Visiting Capitol Hill, Patriarch Filaret met with Rep. Marcy Kaptur (D-Ohio) and Sen. John McCain (R-Ariz.), and noted for their support of Ukraine in Washington. He awarded Sen. McCain with the Order of St. Volodymyr, First Degree, for his continuous work on behalf of Ukraine.

Patriarch Filaret also focused on Ukraine’s need for American military aid during a meeting on February 6 at the U.S.-Ukraine Foundation with representatives of Ukrainian American organizations in Washington and with two former U.S. ambassadors to the post-Soviet region: William Green Miller, the second U.S. ambassador to Ukraine (1993-1998), and William Courtney, who was the first U.S. ambassador to Kazakhstan (1992-1995) and then served as ambassador to Georgia (1995-1997).
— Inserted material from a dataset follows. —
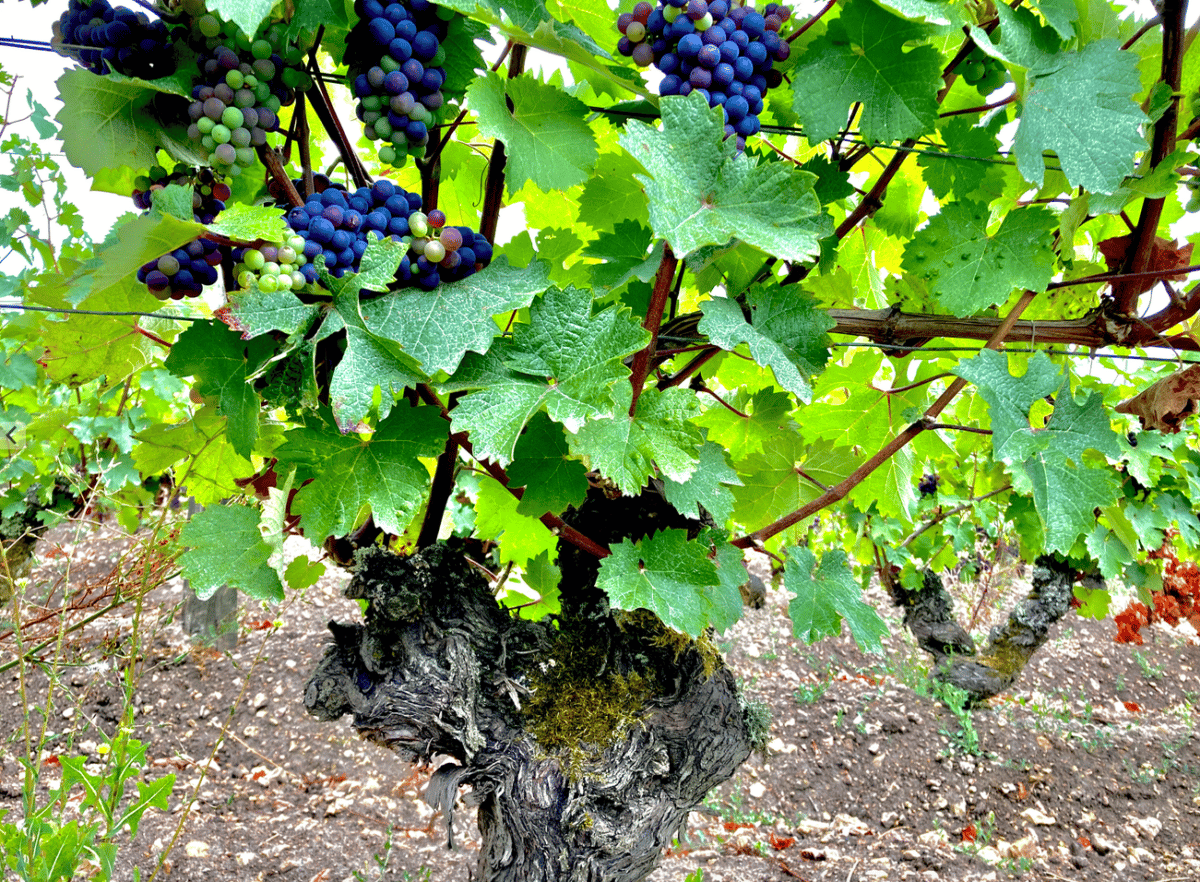 Pied de vigne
During that discussion, Patriarch Filaret suggested that with ample modern weapons and other military equipment received from the West, Ukraine will have the upper hand in fighting against Russia’s aggression in eastern Ukraine. And that is because Ukrainian soldiers are willing to die in their fight to protect their native land, he said – something the Russian soldiers are not willing to do for the sake of acquiring foreign land.